BPS was structured as follows: after a single dose of midazolam (0.05 mg/kg; Hameln pharmaceuticals gmbh, Hameln, Germany), a starter bolus of 0.5 mg/kg of propofol (Diprivan, Astra-Zeneca, Stockholm, Sweden) was administered. Repeated boluses of 10 to 20 mg of propofol were then administered on-demand with a 30-60 s interval for the entire duration of the procedure. Propofol bolus frequency and dose were titrated to the patient response, including vital signs and manifestations of restlessness or discomfort. The maximum dose allowed to be administered was 200 mg. Throughout the procedure, all patients received oxygen 2 L/min by nasal cannula. Continuous pulse oximetry, heart rate, electrocardiography, and end-expiratory carbon dioxide were monitored, with blood pressure being assessed at 5-min intervals.
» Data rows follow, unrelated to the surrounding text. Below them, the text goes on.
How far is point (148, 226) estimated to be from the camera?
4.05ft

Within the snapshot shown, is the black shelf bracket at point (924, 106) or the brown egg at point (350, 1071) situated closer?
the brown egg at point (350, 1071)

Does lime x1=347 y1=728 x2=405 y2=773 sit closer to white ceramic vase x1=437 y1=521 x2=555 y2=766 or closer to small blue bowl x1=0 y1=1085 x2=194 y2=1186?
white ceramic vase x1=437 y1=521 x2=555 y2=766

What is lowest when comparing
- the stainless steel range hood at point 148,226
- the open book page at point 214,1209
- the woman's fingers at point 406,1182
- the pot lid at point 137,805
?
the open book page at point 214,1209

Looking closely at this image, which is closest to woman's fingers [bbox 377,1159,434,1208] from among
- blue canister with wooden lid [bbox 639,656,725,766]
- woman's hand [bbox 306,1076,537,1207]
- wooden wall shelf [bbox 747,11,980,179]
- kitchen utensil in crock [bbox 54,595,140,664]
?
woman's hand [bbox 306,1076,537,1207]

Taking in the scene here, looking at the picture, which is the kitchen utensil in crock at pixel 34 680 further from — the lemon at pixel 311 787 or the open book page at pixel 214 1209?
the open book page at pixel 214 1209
Level of sedation was evaluated according to the Scale for assessing Alertness/Sedation (MOAA/S), as reported in Table 1. In detail, deep sedation was defined as MOAA/S 1, moderate as MOAA/S 2-4, and minimal as MOAA/S 5. The following parameters were recorded: patient demographics, procedure indication and duration, midazolam dose, propofol dose, induction time, recovery time, cecal intubation rate, and polyp detection rate. The baseline values and changes in vital signs or oxygen saturation (SpO2) from the baseline were also recorded. Adverse events were defined as hypoxia (i.e., a reduction in oxygen saturation < 90% for more than 20 s) requiring supplemental oxygen (O2) by nasal cannula (NC) in excess of 2 L/min; and transient hypotension (< 90 mmHg) or bradycardia (< 60 beats/min) not requiring any active medical treatment. Serious adverse events were defined as hypoxia requiring positive pressure ventilation or laryngeal mask use; hypotension (< 90 mmHg) or bradycardia (< 60 beats/min) requiring medical treatment (i.e., infusion of liquid) other than propofol titration; and any event requiring the administration of a benzodiazepine antagonist (flumazenil). After the procedure, the patients were transported to the recovery room where blood pressure, SpO2 and heart rate were measured continuously until discharge. Discharge was possible when blood pressure was within 20% of the initial value, SpO2 > 90%, and the patient was able to drink and walk autonomously. Recovery time was measured from the time the patient entered the recovery area until departure by the recovery room nurse.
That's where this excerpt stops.